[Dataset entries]
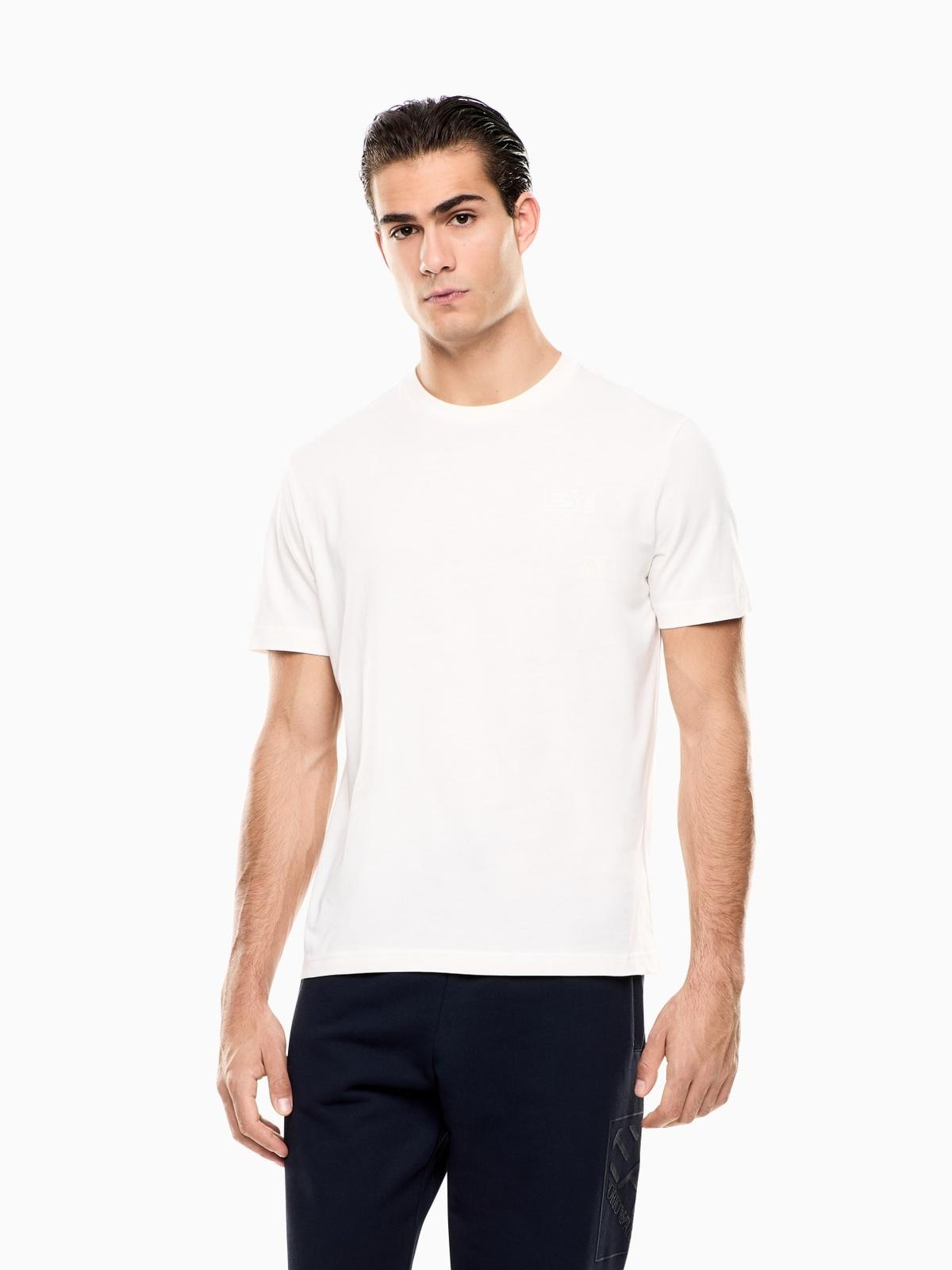 7M001487 AF17789/U0004 EMPORIO ARMANI EA7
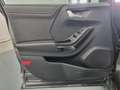 Ford Puma Gen-E ST-Line Vignale s&s 155cv auto Grigio - thumbnail 25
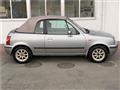 1998 Nissan March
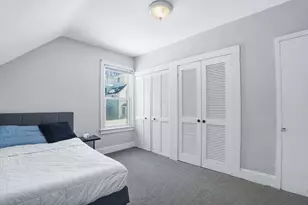 1336 Park St, Attleboro, MA 02703 - Photo 30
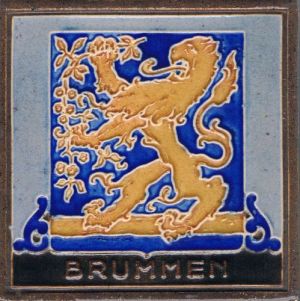 Brummen.tile.jpg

## TASK DIRECTIONS
Drop the images and return the data verbatim.

## TASK RESULT
 7M001487 AF17789/U0004 EMPORIO ARMANI EA7
 Ford Puma Gen-E ST-Line Vignale s&s 155cv auto Grigio - thumbnail 25
 1998 Nissan March
 1336 Park St, Attleboro, MA 02703 - Photo 30
 Brummen.tile.jpg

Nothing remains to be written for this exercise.